3d Een dorp in de zee

Terug naar venster

De middeleeuwen          
In de vroege middeleeuwen werd  vanuit Katwijk aan den Rijn op zee gevist.
Door verzanding van de monding van de Rijn werd het nodig om vanaf het strand te gaan vissen en ontstond een nederzetting in de zeereep.

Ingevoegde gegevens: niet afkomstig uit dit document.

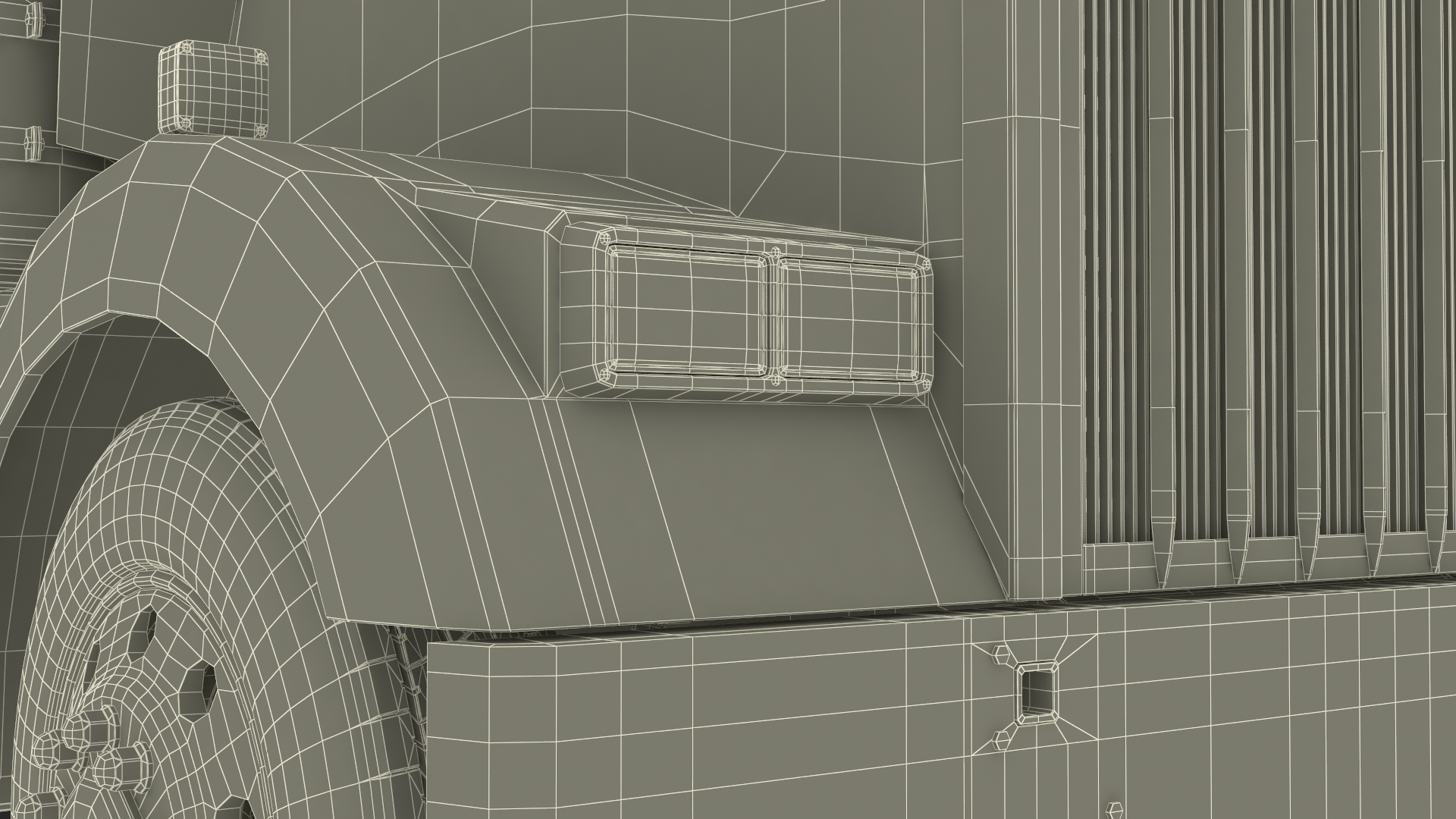 3D Semi Truck with Flatbed Trailer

Vissen vanuit het Rijndorp
De visserij stelde tijdens de vroege en hoge middeleeuwen
(dus van ongeveer 500 tot 1250) niet zo veel voor. Er was maar een klein aantal vissers in het Rijndorp.
Hun schepen waren klein en de visserij was er vooral op gericht om in het eigen levensonderhoud te voorzien.
Vanuit Katwijk aan den Rijn voeren de vissers de rivier af om de zee te bereiken.
Het verzanden van de Rijnmond maakte een eind aan deze verbinding met het open water.
Konden de vissers eerst nog met hun vangst de rivier op  varen en in het dorp aanmeren, nu moesten zij door de branding het strand bereiken en vervolgens de boot boven de vloedlijn trekken.

Naar de kust
Om toch hun beroep te kunnen voortzetten, besloot een aantal vissers naar de zeereep te verhuizen.
In de duinen, bij het strand, bouwden zij een kleine afgelegen nederzetting.
Hoe dat precies ging is onduidelijk, omdat daarover geen informatie bewaard is gebleven. De bewoners van deze nederzetting moesten iedere keer met hun gevangen vis een moeizame tocht maken naar de bewoonde wereld, over een zandpad door de duinen.
Toch besloten geleidelijk steeds meer mensen bij de kust te gaan wonen.

Handel
Langzamerhand werd de visserij beroepsmatiger en steeds meer gericht op de handel.
Door de uitbreiding van de beroepsvisserij ontstond er ook andere bedrijvigheid. Schepen werden gebouwd en gerepareerd en moesten van tuigage worden voorzien. Er waren netten nodig en de vis moest verzendklaar worden gemaakt.
Dat betekende dat de nederzetting in de duinen zich langzaam tot een dorpje begon te ontwikkelen.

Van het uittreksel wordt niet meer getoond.